Pictures in the data should be dropped; transcribe exactly the lines from the one that has "Property view" through the one that has "Graphical abstract: Straightforward".

▶ **Material provided**:
BEGIN

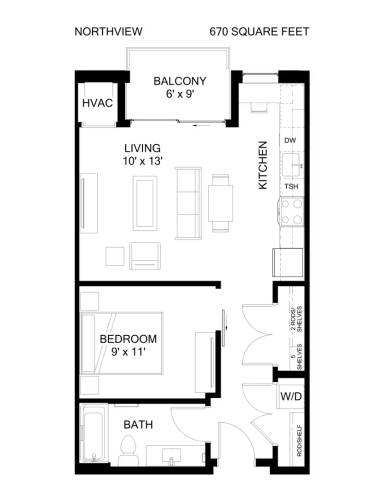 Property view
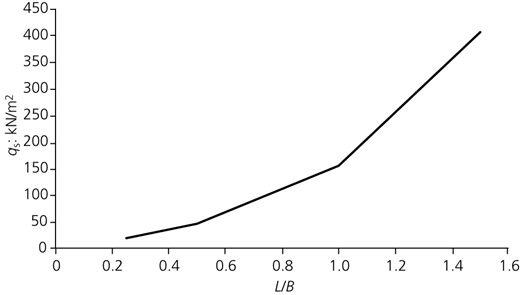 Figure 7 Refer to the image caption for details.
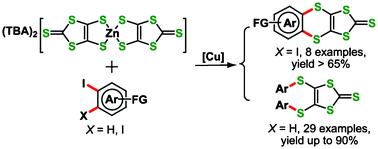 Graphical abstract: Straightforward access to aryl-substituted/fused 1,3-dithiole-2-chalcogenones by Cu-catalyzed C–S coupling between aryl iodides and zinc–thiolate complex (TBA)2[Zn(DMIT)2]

END
BEGIN

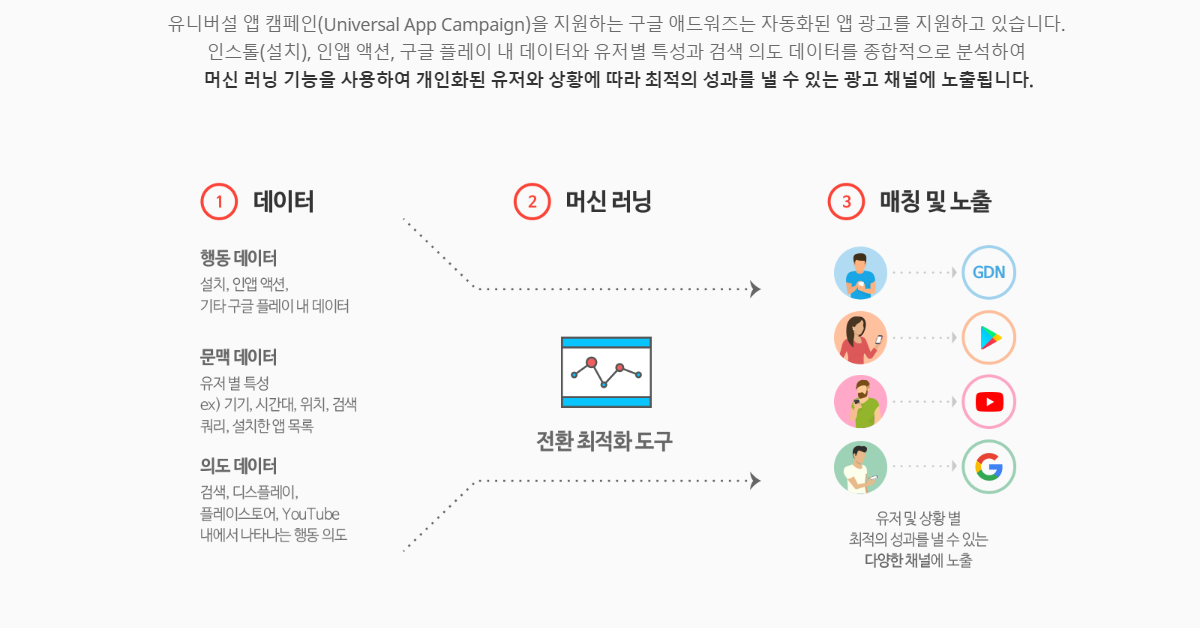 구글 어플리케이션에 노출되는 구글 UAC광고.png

END

▶ **Solution to the exercise**:
 Property view
 Figure 7 Refer to the image caption for details.
 Graphical abstract: Straightforward access to aryl-substituted/fused 1,3-dithiole-2-chalcogenones by Cu-catalyzed C–S coupling between aryl iodides and zinc–thiolate complex (TBA)2[Zn(DMIT)2]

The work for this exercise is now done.